The Flourishing Intra National Estate Markets — Futhered by The PropertyIndex.com Company

Filed under: Investing In Markets, Life + Real Estate — admin at 5:58 pm on Friday, June 20, 2008

Property Index have a range of properties for sale in Spain, from villas to apartments.

Notwithstanding the fact that PropertyIndex.com is really a fledgling enterprise, (they were set up only in March 2007), they have proven their mettle very quickly. As a matter of fact, they are a fairly down to earth enterprise entirely concentrated on servicing anyone aiming to let, sell, rent or buy property across the world. Their affirmation: to lend you a hand to hit upon dead-on what’s looked for quickly and, even better, without hassle. Realty is easily available anywhere in the world at present, one of the fanciest areas being real estate for sale in Spain. It should really be straightforward to specify the sensational properties on the market in Spain, the argument for investigating property here is a combination of the houses and apartments available and the possibility of being able to live together with this pulsating populace.

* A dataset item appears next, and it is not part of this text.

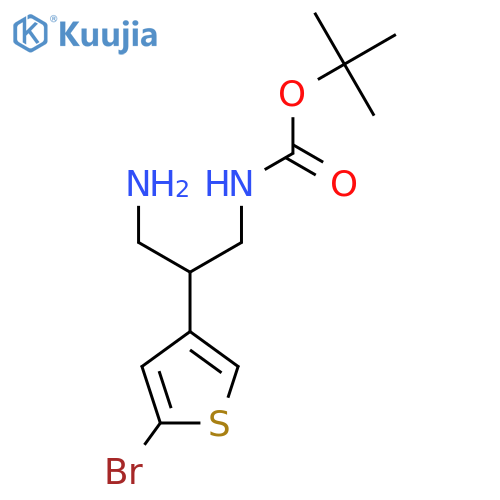 tert-butyl N-3-amino-2-(5-bromothiophen-3-yl)propylcarbamate structure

It’s one of the truly fashionable markets at present, and considering the scenic beauty and agreeable climate surrounding you here, how could you conceivably be wrong! Realty in Spain is steeped in history, this realm of the world has a long tradition as a home to a number of nations. Around 25 or 30 years ago there was a mere dribble of Britons in search of properties in Spain. Ask any one person who has emigrated to Spain and they’ll tell you the same. There are those who would will insist on viewing it as a fashion and others will insist on viewing it as a more or less an obsession! Clients actually repairing over here will typically range from young working couples in search of a life perspective to elderly people who are looking to enjoy themselves and relax.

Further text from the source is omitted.